Post date: Sep 15, 2011 4:8:23 AM
We are now back to the time of Jesus and the earliest Christian believers. Of course there is candy and a stamp for the board, but they are tempered by a representation of the cross, and a discussion of crosses. We also see a display of an empty tomb. It's not quite empty. We see inscriptions:
"He is not here; for He is risen, as He said." - Matthew 28:6
and
"Come, see the place where the Lord lay." - Matthew 28:6
And "stooping down and looking in," we see "the linen cloths lying there, and the handkerchief that had been around His head, not lying with the linen cloths, but folded together in a place by itself." And we understand how those first disciples began to believe in the resurrected Lord. We examine a checklist display of the kinds of encounters they had with Jesus over the forty days that followed His resurrection.
A display poster asks, "Gruesome or Glorious?" Although Christian persecution continues into the 21st Century, the 1st Century martyrs are still the most dramatic evidence that the life, death and resurrection of Jesus Christ was not a man-made hoax conspired by a group of disciples.
Many of the books on the sample bookshelf include apologetic messages by past and current authors who hope to point the way to Christ. Since the apostles and many of the early disciples were eye-witnesses to the life of Jesus, their story was not just based on religious belief, but on historical events that they saw, heard, and felt. We read that it is conceivable that men such as those who flew jets into the World Trade Center on 9/11/2001, would die for a religious belief.
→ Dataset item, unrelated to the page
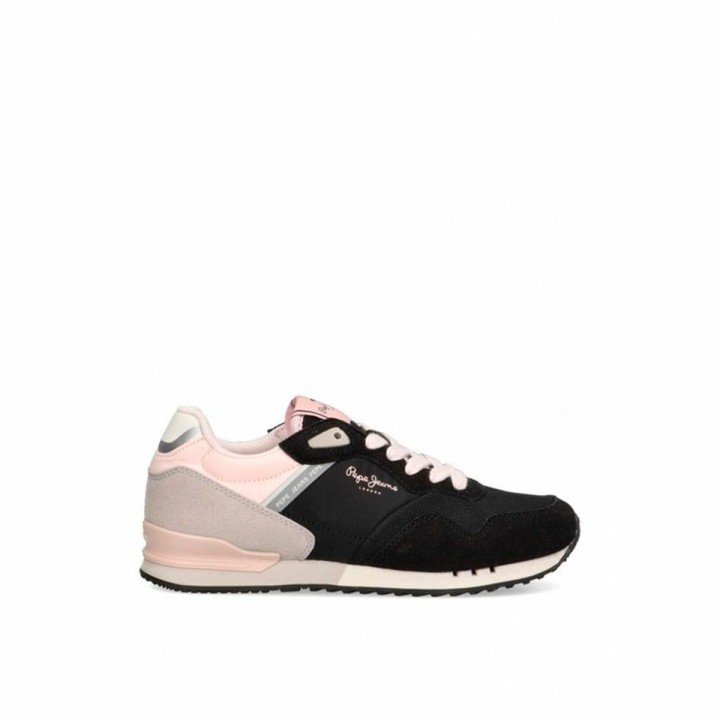 Sportssko til børn Pepe Jeans London Classic Sort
It would be quite another to die for a lie that you made up yourself.
A depiction of DaVinci's "Last Supper" provides a format to display many accounts of eye-witness martyrs compiled from numerous sources including Foxes' Christian Martyrs of the World. DaVinci is not the only source of artwork on the early believers. We pause to watch a slide-show display along one of the walls, while listening to a clip from the Jesus Film playing on another monitor. And there is another sound; a video game of the Life of Christ.
We try to concentrate on another strange piece of artwork that assures us that there is a picture to be seen in the mass of green and blue waves. It is compared to the gospel message; seemingly impossible until you "get it".
Finally, the call of the button station and the smell of the chili wafting from the dining area pulls us back into the main room.